What's the normal space of the manifold $z = x^2 + y^2$?
Let's say I have a continous function $g: M \rightarrow S^n$ that sends every point on the manifold to the unit normal vector. I want to know what the image of $g$ is, and for every $v \in Im(g)$, I want to describe the set $g^{-1}(v)$. By picturing the manifold, I can guess that $Im(g)$ will be the lower half of the sphere. I want to prove this formally:
We denote $f(x,y,z) = x^2 + y^2 - z$.
$D_f(x,y,z) = (2x,2y,-1)$.
The normal vector is a normalized vector in the image of $D_f$, but I'm not sure how to continue from here.
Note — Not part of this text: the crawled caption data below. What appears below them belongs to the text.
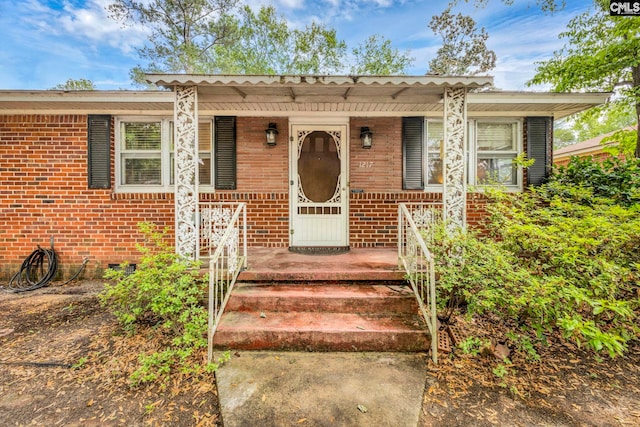 1217 Jensen St, West Columbia, SC 29169 - view of front facade with brick siding and covered porch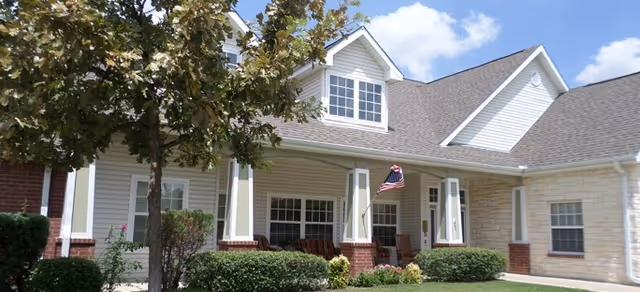 Front exterior of a residential building featuring a covered porch with rocking chairs, an American flag, and manicured shrubs.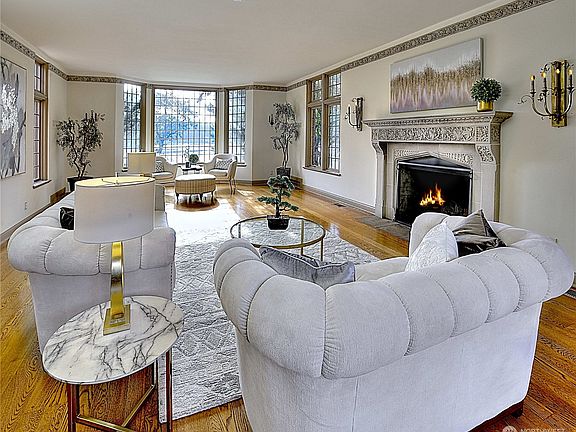 Vast living room with views of Gravelly Lake. Large windows providing an abundance of natural light. Cozy up to considerable size wood fireplace. Enjoy relaxing and reading a book or entertaining in this magnificent space.>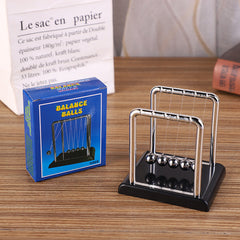Newton's Cradle desk toy showcasing motion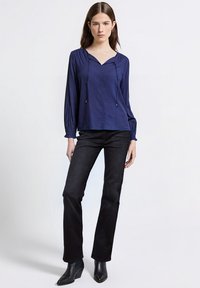 Blusa blu navy con maniche lunghe, scollo con coulisse, texture liscia e vestibilità rilassata, abbinata a jeans neri a gamba dritta e stivaletti alla caviglia.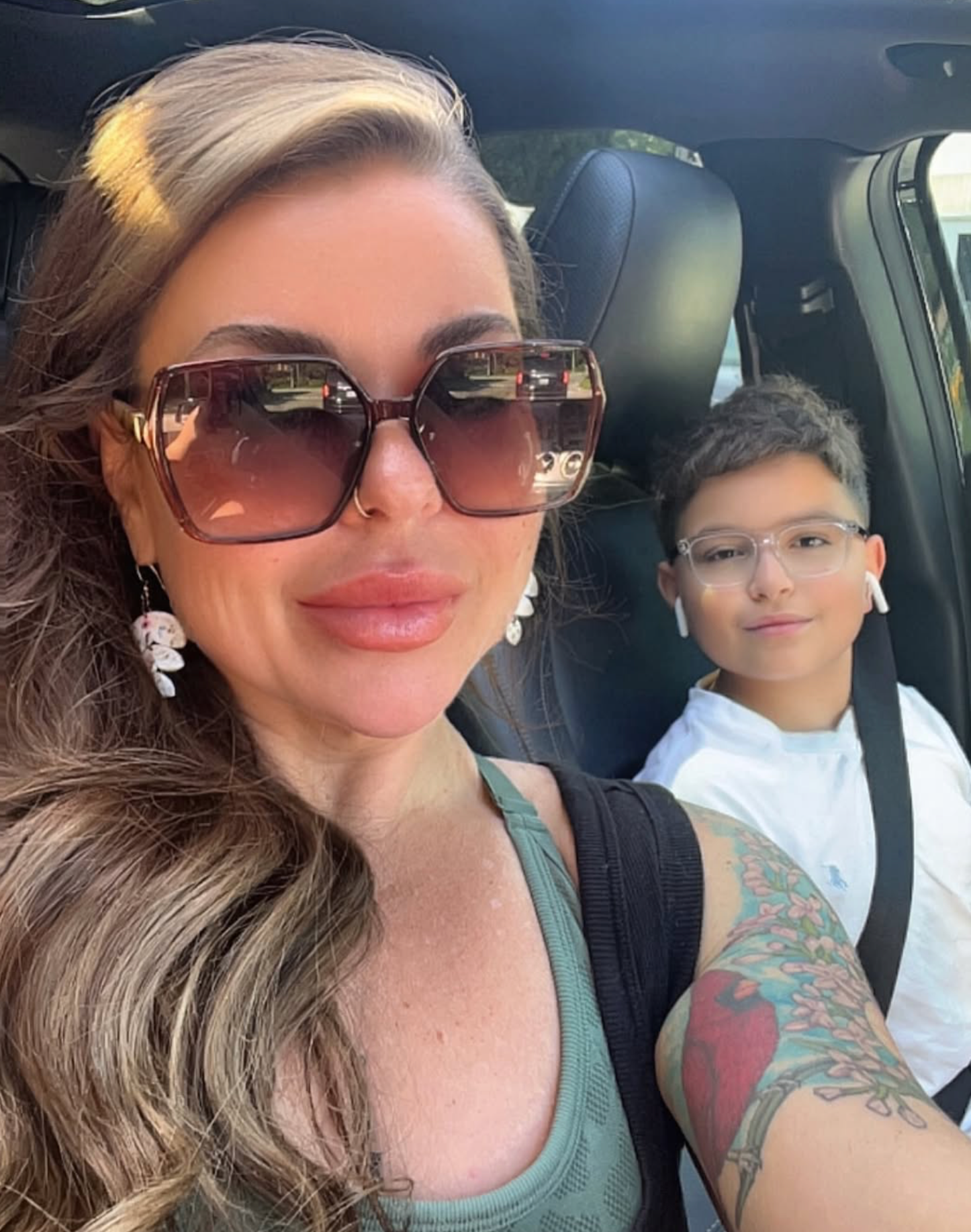 A woman with sunglasses and earrings taking a selfie with a young boy inside a car. The woman has long hair, a tattoo on her arm, and is wearing a tank top. The boy has short hair, glasses, and is wearing earbuds and a white T-shirt.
Any help would be appreciated!
Hint/Direction: Nothing to do with differential geometry, but elementary set theory here. You have the mapping $g : \mathbb R^2 \to \mathbb S^2$, where
$$g(x,y) = \left(\frac{2x}{\sqrt{4x^2+4y^2+1}}, \frac{2y}{\sqrt{4x^2+4y^2+1}},\frac{-1}{\sqrt{4x^2+4y^2+1}} \right).$$
Now you want to show that the image is the lower hemisphere, which is
$$\mathbb S^2_- =\{ (a, b, c) \in \mathbb S^2 : c<0\}.$$
So for all $(a, b, c) \in \mathbb S^2 _-$, you want find $(x, y)$ so that
$$\frac{2x}{d} = a,\ \ \ \frac{2y}{d} =b, \ \ \ \frac{-1}{d} = c,\ \ \text{where } d= \frac{1}{\sqrt{4x^2+4y^2+1}}.$$
The computation don't seem to be difficult here.